**WHAT IS EXPECTED:** With the pictures left out, return exactly the lines from the one containing "Image de 2br" through the end of the listing below.

**INPUT DATA:**

=-=-=

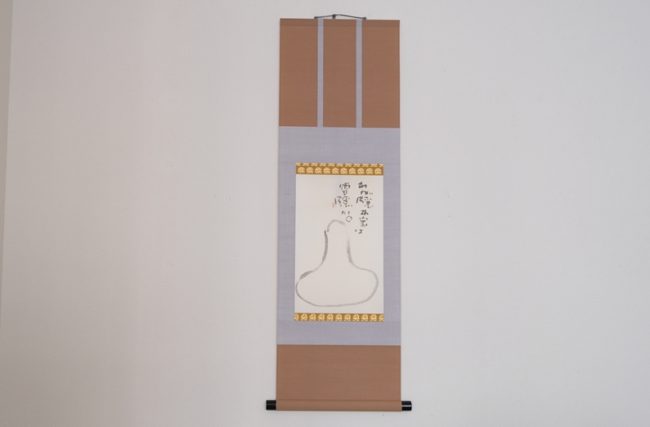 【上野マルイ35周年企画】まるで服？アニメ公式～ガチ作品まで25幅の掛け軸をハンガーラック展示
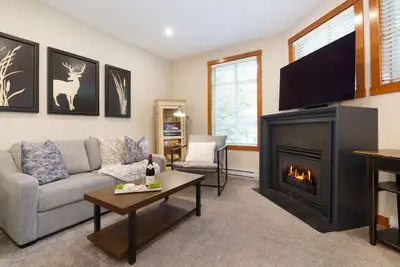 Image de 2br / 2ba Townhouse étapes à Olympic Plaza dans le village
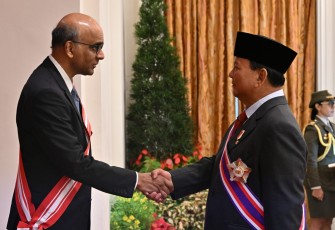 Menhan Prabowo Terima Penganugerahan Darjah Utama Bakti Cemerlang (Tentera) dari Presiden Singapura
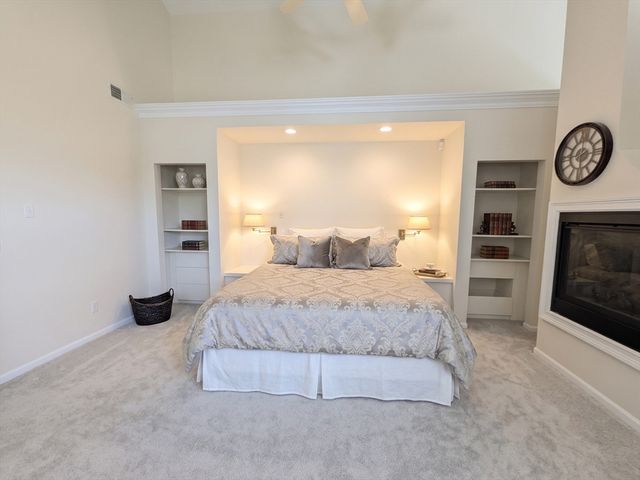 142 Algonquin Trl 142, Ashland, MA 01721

=-=-=

**ANSWER FOR THIS EXERCISE:**
 Image de 2br / 2ba Townhouse étapes à Olympic Plaza dans le village
 Menhan Prabowo Terima Penganugerahan Darjah Utama Bakti Cemerlang (Tentera) dari Presiden Singapura
 142 Algonquin Trl 142, Ashland, MA 01721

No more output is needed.